Thrombin-induced autophagy: a potential role in intracerebral hemorrhage

Autophagy occurs in the brain after intracerebral hemorrhage (ICH) and thrombin contributes to ICH-induced brain injury and cell death. In this study, we investigated whether thrombin may activate autophagy (in vivo and in cultured astrocytes) and its potential role in ICH. Autophagy was examined using electron microscopy, conversion of light chain 3(LC3) from the LC3-I form to LC3-II, cathepsin D Western blotting and monodansylcadaverine (MDC) staining to detect autophagic vacuoles. 3-Methyladenine (3-MA) was used as an autophagy inhibitor.
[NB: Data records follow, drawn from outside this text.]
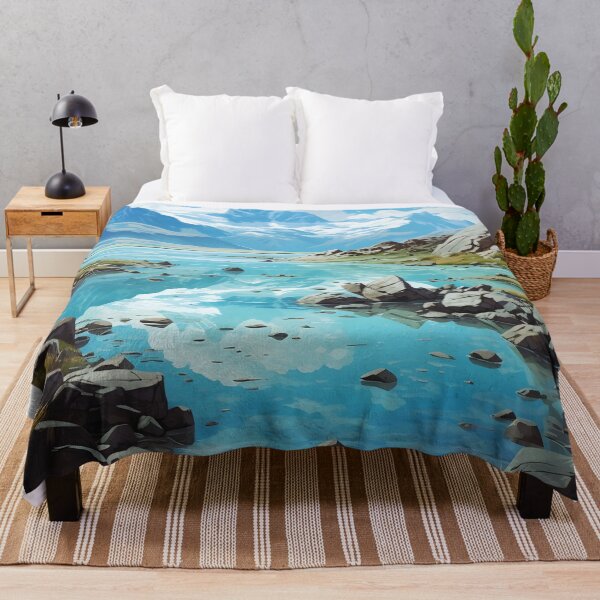 Item preview, Skaftafell Iceland Glacier Lake Mountain Reflection designed and sold by LaFabricaArt.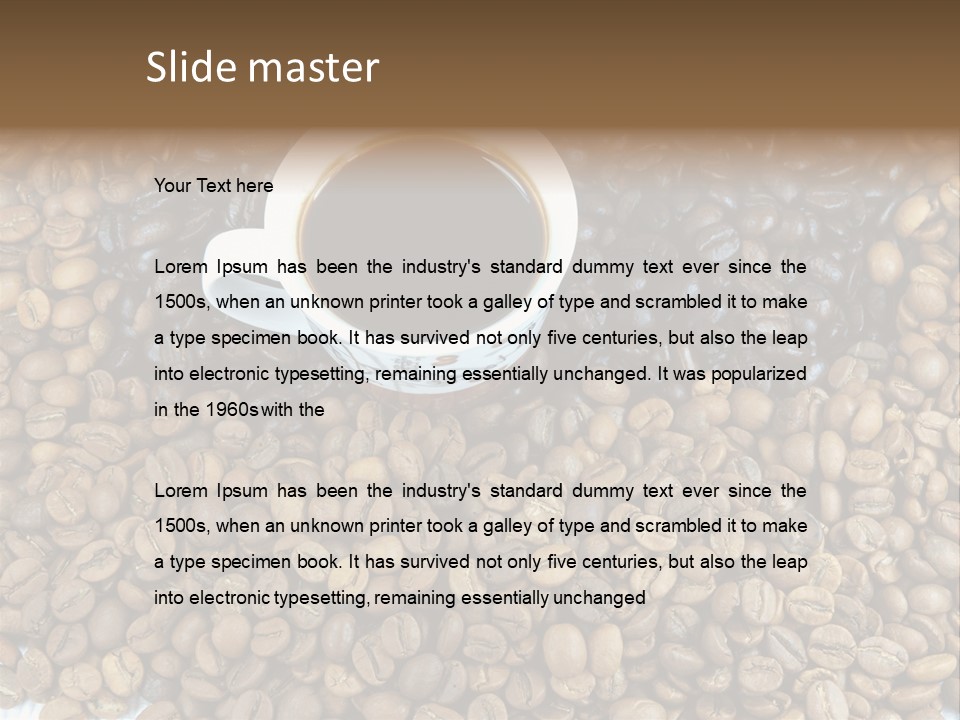 Freashly Colour Dark PowerPoint Template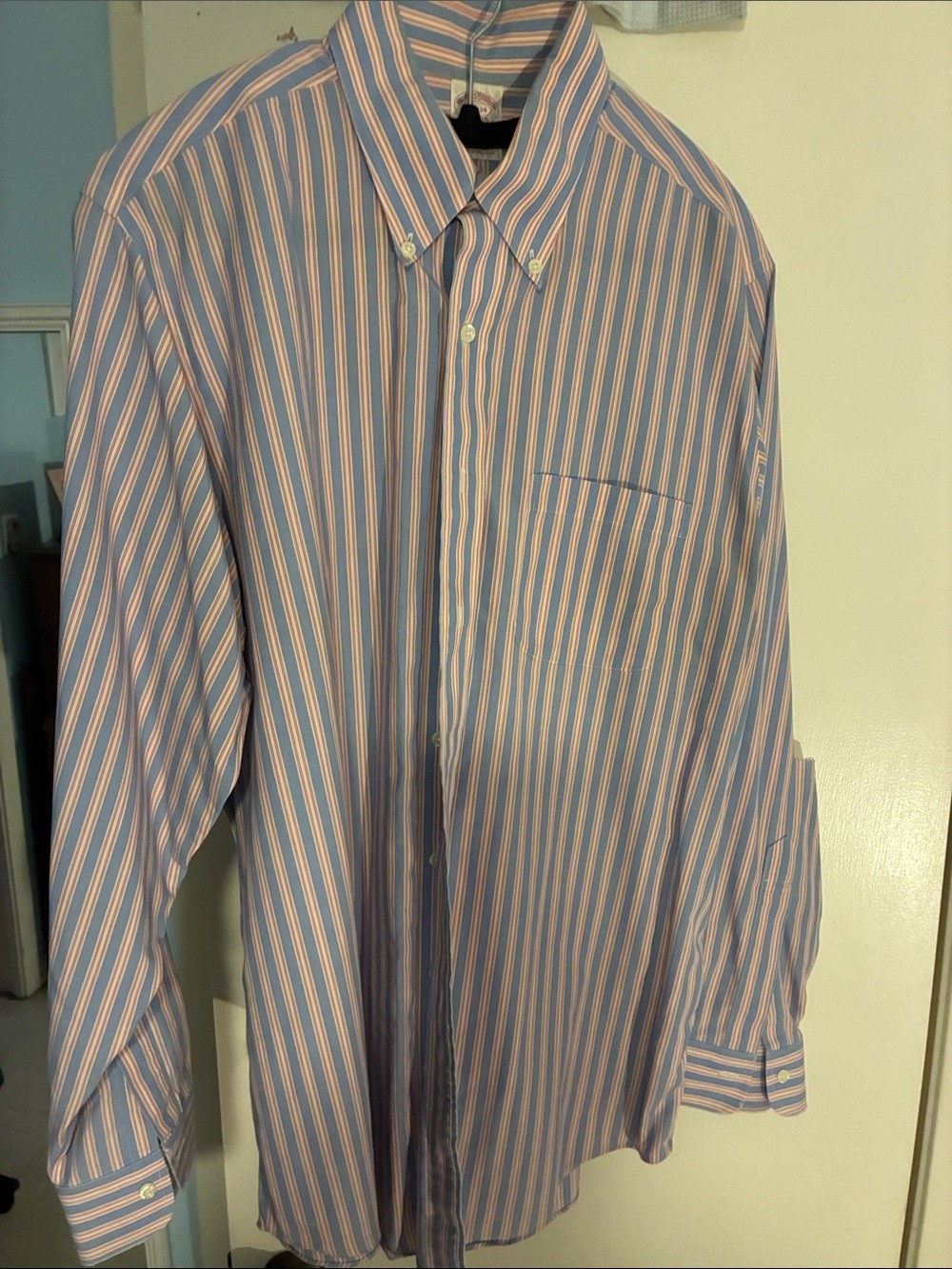 Brooks Brothers Light Blue Button-Down Dress Shirt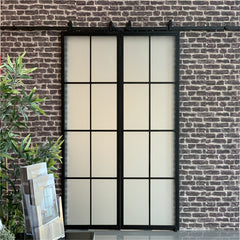 Heavy duty Sliding Barn Door American Style Glass Glass Barn Door Sliding Interior Rustic Sliding Barn Door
In vivo, we found that intracaudate injection of thrombin increased conversion of LC3-I to LC3-II, cathepsin D levels, and formation of autophagic vacuoles in the ipsilateral basal ganglia. ICH-induced upregulation of LC3-I to LC3-II conversion and cathepsin D levels was reduced by a thrombin inhibitor, hirudin. In cultured astrocytes, thrombin enhanced the conversion of LC3-I to LC3-II and increased MDC-labeled autophagic vacuoles. 3-MA inhibited thrombin-induced autophagic vacuole formation and exacerbated thrombin-induced cell death. These results indicate that thrombin activates autophagy in the brain and that thrombin has a role in ICH-induced autophagy.